Selain itu, Lalu menilai evaluasi kurikulum pendidikan perlu dilakukan. Menurut dia, pendidikan antikekerasan perlu diterapkan untuk mencegah peristiwa serupa terulang.
“Langkah-langkah ini juga dibarengi dengan evaluasi pelaksanaan kurikulum pendidikan, untuk memastikan nilai-nilai antikekerasan dan Pancasila tertanam kuat di kalangan siswa,” ujarnya.
Lebih lanjut, Lalu menyoroti implementasi dari regulasi Permendikbudristek Nomor 46 Tahun 2023 tentang Pencegahan dan Penanganan Kekerasan di Satuan Pendidikan. Dia juga menilai perlu pembentukan dan penguatan Satgas Anti Bullying di setiap sekolah.
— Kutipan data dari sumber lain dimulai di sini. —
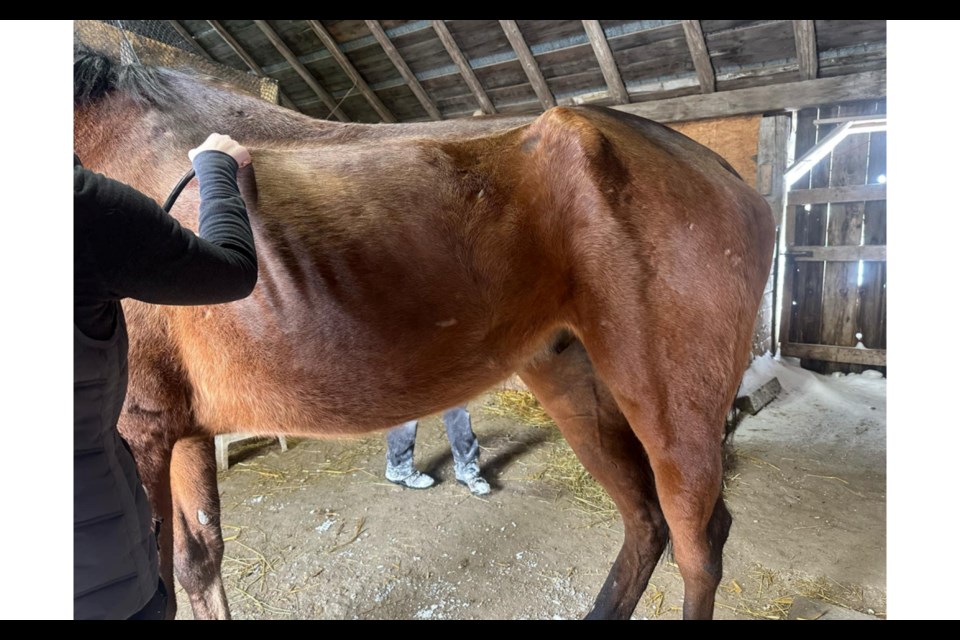 The issue of equine neglect in Ontario has once again come to the forefront with the horrifying revelations from a farm in Oro-Medonte, where horses have allegedly been suffering under inhumane conditions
“Kasus kekerasan di sekolah, tentu harus ditangani dengan kolaborasi berbagai pihak, dengan KPAI dan pemerintah daerah. Pengawasan dan respons terhadap kasus kekerasan terhadap anak sekolah, harapan kita dapat dimaksimalkan dengan kerja sama itu,” tuturnya.
Sebelumnya, kasus seorang siswa SMAN 6 Garut, Jawa Barat, yang bunuh diri setelah diduga menjadi korban perundungan atau bullying berbuntut panjang. Kepala SMAN 6 Garut kini dinonaktifkan sementara.
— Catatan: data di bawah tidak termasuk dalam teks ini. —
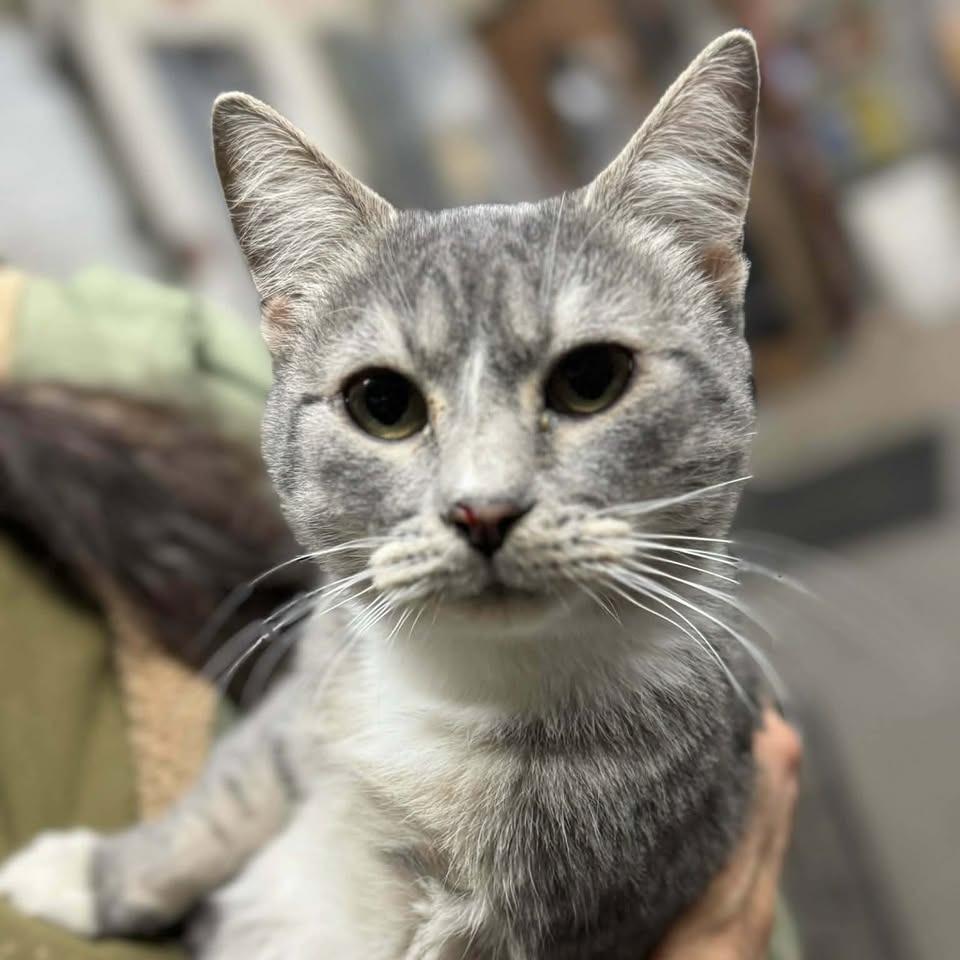 Liberty, Adoptable, Young Female Domestic Short Hair.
Surat itu diterbitkan oleh Kantor Cabang Dinas (KCD) Pendidikan Wilayah XI atas rekomendasi dari BKD Jawa Barat. Selama proses ini berlangsung, Dinas Pendidikan Jabar akan menunjuk Pelaksana Tugas (Plt) Kepala Sekolah sebagai pengganti sementara.
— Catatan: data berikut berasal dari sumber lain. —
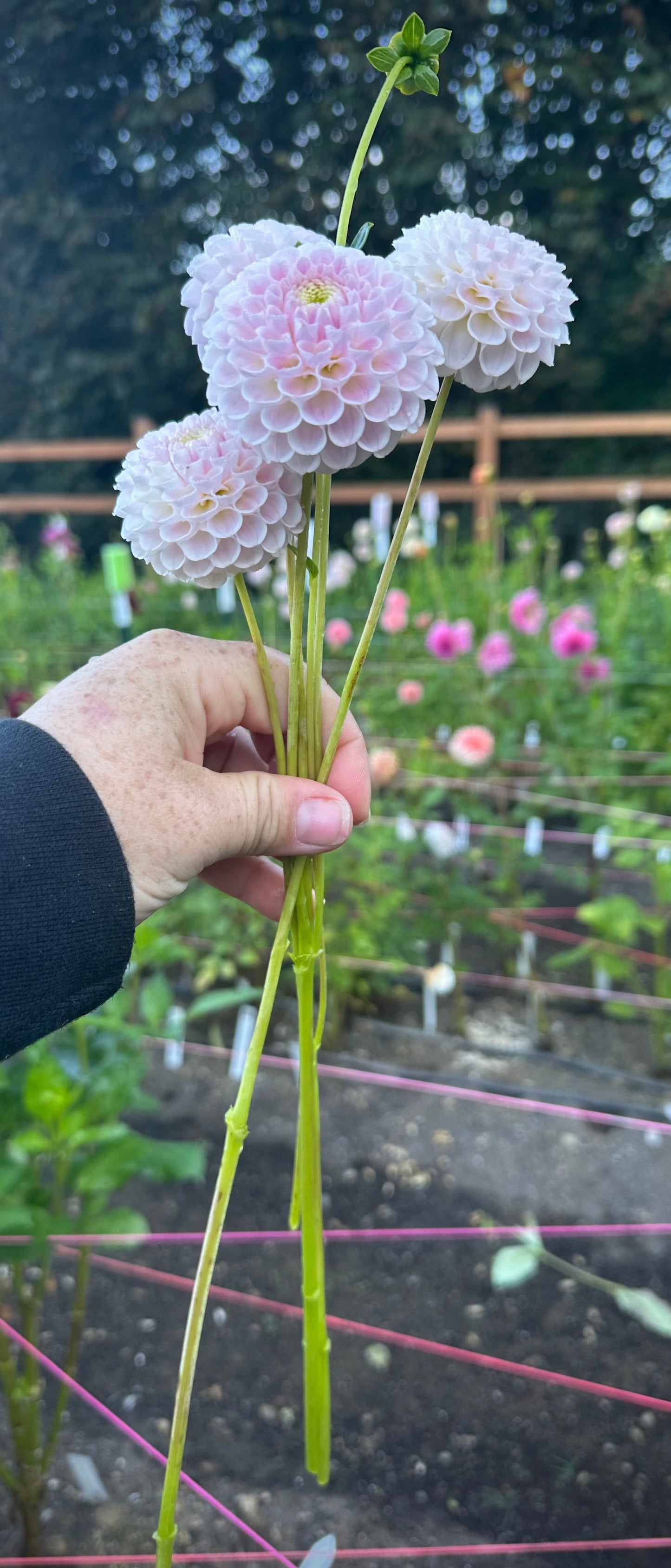 Hapet Barbie Rooted Cutting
“Untuk proses pendalamannya ditargetkan selama kira-kira satu minggu, dan Tim Disiplin Pegawai dari BKD Jabar juga sudah mulai bekerja untuk mendalami administrasi kepegawaiannya sejak kemarin,” kata Kepala BKD Jabar Dedi Supandi, dilansir infoJabar, Sabtu (19/7).
Penonaktifan tersebut dilakukan untuk mempercepat proses pendalaman dan pemeriksaan internal. Dedi menyebutkan ada beda pendapat antara pihak orang tua dan sekolah terkait perundungan.